Research shows that 31 percent of returning service members report symptoms of some mental health condition, yet less than half receive any treatment. While mental health services are available to veterans, significant barriers stand in the way of accessing them. These include stigma, the logistics of time and distance and the availability of culturally aware, evidence-based providers in local communities — challenges that are particularly prevalent in Texas, where 75 of our counties are rural.

The Warriors Research Institute, headed by Director Suzy Bird Gulliver, PhD, and Associate Director Eric Meyer, PhD, seeks to overcome these barriers through the use of telehealth.

This novel approach to providing better mental health care for veterans and first responders enables the WRI to overcome the barriers of time and distance by allowing veterans, responders and their families to meet with qualified professionals using their smartphone or computer.

A pilot program conducted by WRI with support from the Texas Health and Human Services Commission captured feedback from over 30 veterans and family members, and the response was overwhelmingly positive, with 90 percent of participants saying they would recommend telehealth.

One of the many people who have benefitted from the telehealth program is an Army veteran who chooses to remain anonymous. He admits that seeking help for his mental health was not easy, but after returning from his fourth deployment, he noticed a number of personal changes. Once-a-week visits with his doctor at the WRI helped him get back on his feet by confronting his fears and emotions in a productive way, and teaching him healthy coping mechanisms.

If you’re a veteran, firefighter, EMT, paramedic or family member of a veteran dealing with depression, anger, substance use issues or post-traumatic stress, you may be eligible for no-cost telehealth treatment.

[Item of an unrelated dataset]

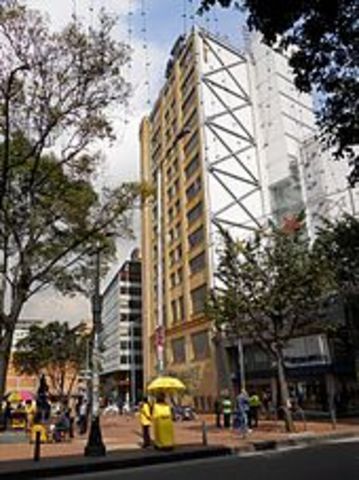 Nacionalización de la empresa e inicio del servicio de internet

Contact the Warriors Research Institute for additional information.

 

Methods of self-help

Anyone experiencing suicidal thoughts should seek immediate medical help. Short of that, there are ways that each of us can promote our mental health through simple, daily acts of self-help.

  1. Take a break. As simple as it sounds, no matter the demands you’re facing, the mental health benefits of hitting the pause button far outweigh anything you think you’ll miss by taking a quick break.
  2. Relax. Taking a break is a good start, but you can also practice some real self-care by embracing stress management through the art of relaxation.
  3. Try a de-stressing exercise. Experts agree that exercise is one of the best ways to boost mental health. For non-impact exercise, consider yoga or tai chi
  4. Get outside. Hitting the gym is great if that’s your thing, but exercising outside can be even more beneficial to mental health than working out indoors.
  5. Feed your brain. Nutrition is important to your mood and mental health. Stress causes your body to produce high levels of the hormone cortisol which, in turn, contributes to elevated blood sugar, internal inflammation, indigestion and weight gain. As you practice methods of relaxation, also prepare meals rich in stress-fighting, anti-inflammatory foods like salmon and avocado.
  6. Get some sleep. Far too many of us don’t get the seven hours of sleep recommended by the American Academy of Sleep Medicine. Both physical and mental health suffer from a lack of adequate sleep, so do what you need to do to get a good night’s sleep.
  7. Disconnect. It’s a difficult thing to do in the age of social media and the 24/7 news cycle, but it’s helpful each day to turn everything off for a few minutes to be alone with your own thoughts.

For better mental health, choose a few of these habits and make them part of your daily routine. If, despite your best efforts, you still feel overwhelmed emotionally, you should seek your doctor’s help.